▶ WORK TO BE COMPLETED
Transcribe every line below exactly; no image goes into the output.

▶ DATA SEGMENT
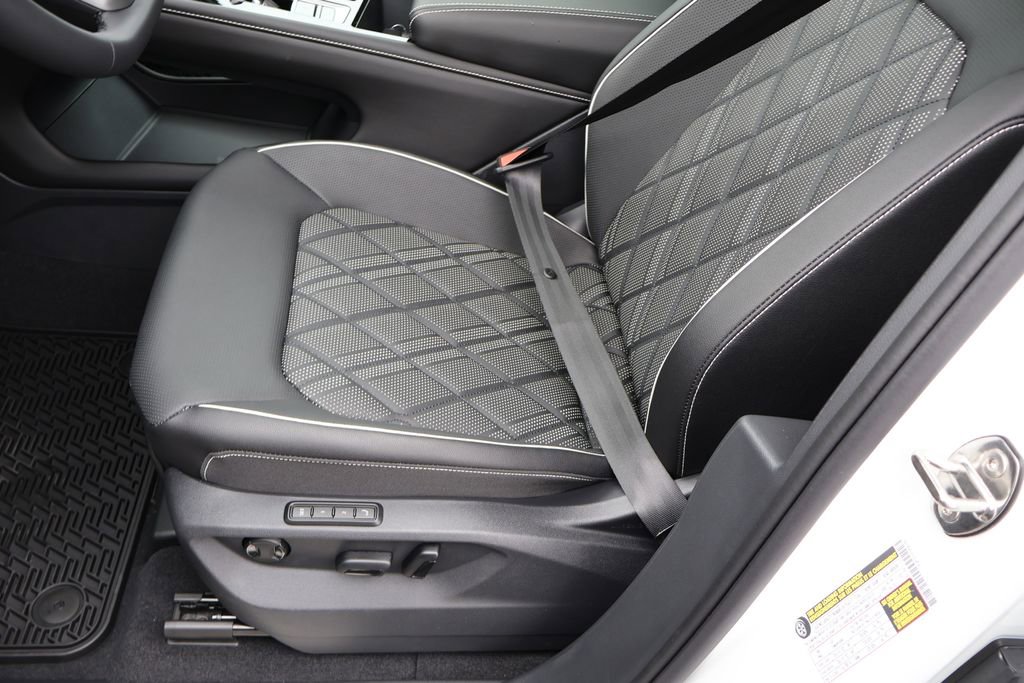 New 2026 Volkswagen Atlas SEL Premium R-Line image 42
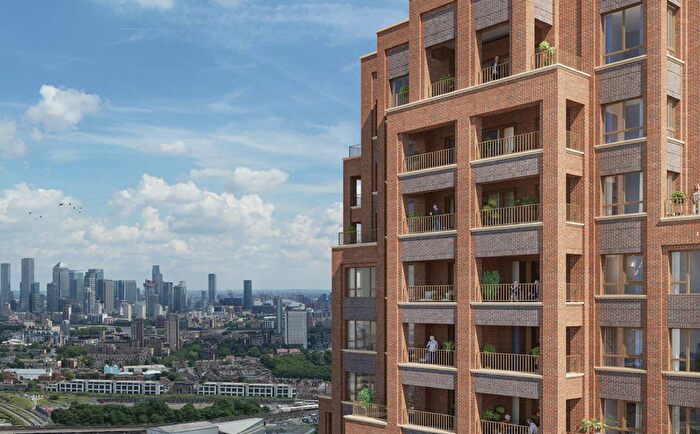 2 Bedroom Flat For Sale In Ilderton Road, London, SE15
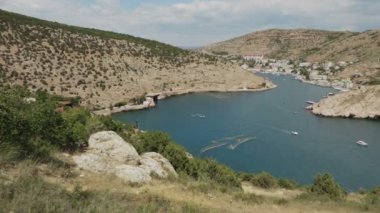 Balaklava popüler bir Kırım beldesidir. Bay eski denizaltı üssü.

▶ SOLUTION FOR THIS PROBLEM
 New 2026 Volkswagen Atlas SEL Premium R-Line image 42
 2 Bedroom Flat For Sale In Ilderton Road, London, SE15
 Balaklava popüler bir Kırım beldesidir. Bay eski denizaltı üssü.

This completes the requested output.